Gravity with higher-curvature terms and second-order field equations: $f(\mathcal{R})$ meets Gauss-Bonnet

TL;DR

This paper develops a new class of higher-curvature gravitational theories combining $f(\,\mathcal{R})$ and Gauss-Bonnet terms, leading to novel black hole solutions with preserved second-order field equations and insights into singularity behavior.

Contribution

It introduces a framework combining $f(\mathcal{R})$ and Gauss-Bonnet gravity, extending EdGB gravity to include arbitrary higher-curvature terms with second-order equations.

Findings

Black holes are modified by $f(\mathcal{R})$ terms.

Solutions retain features like minimum mass and multiple branches.

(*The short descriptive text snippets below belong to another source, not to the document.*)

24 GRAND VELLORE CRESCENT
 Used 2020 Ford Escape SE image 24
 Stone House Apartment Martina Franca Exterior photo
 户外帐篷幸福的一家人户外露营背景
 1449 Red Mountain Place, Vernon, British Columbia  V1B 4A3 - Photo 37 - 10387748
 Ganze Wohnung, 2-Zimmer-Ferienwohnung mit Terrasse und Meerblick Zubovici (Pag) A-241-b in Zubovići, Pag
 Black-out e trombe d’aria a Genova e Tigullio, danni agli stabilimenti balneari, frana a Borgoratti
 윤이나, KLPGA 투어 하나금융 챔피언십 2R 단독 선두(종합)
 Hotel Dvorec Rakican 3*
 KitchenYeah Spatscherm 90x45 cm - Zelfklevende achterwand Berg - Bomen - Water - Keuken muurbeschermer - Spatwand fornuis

A mechanism suppresses Ricci scalar divergence inside black holes.

Abstract

General Relativity is expected to break down in the high-curvature regime. Beyond an effective field theory treatment with higher-order operators, it is important to identify consistent theories with higher-curvature terms at the nonperturbative level. Two well-studied examples are $f(\mathcal{R})$ gravity and Einstein-dilaton-Gauss-Bonnet (EdGB) gravity. The former shares the same vacuum solutions as General Relativity, including black holes, while the latter suffers from well-posedness issues due to quadratic curvature terms in the strong-coupling regime. We show that combining these two theories leads to genuinely new phenomena beyond their simple superposition. The resulting framework falls outside Horndeski's class, as it can be recast as a gravitational theory involving two nonminimally coupled scalar fields with nontrivial mutual interactions. This construction naturally extends EdGB gravity to include arbitrary higher-curvature terms, providing a versatile setting to address fundamental questions. Focusing on quadratic and quartic corrections, we find that: (i) black holes are modified by $f(\mathcal{R})$ terms, unlike the case without Gauss-Bonnet interactions; (ii) the resulting solutions retain the qualitative nonperturbative features of EdGB black holes with certain couplings, such as a minimum mass and multiple branches; (iii) a nontrivial mechanism suppresses the divergence of the Ricci scalar in the black-hole interior; (iv) still, even with quartic corrections, the singularity structure and elliptic regions inside the horizon remain similar to those of pure EdGB gravity. This suggests that, at the nonperturbative level, the theory's ill-posedness cannot be resolved by adding individual higher-order terms. This conjecture could be tested by studying the nonlinear dynamics, which remains governed by second-order field equations.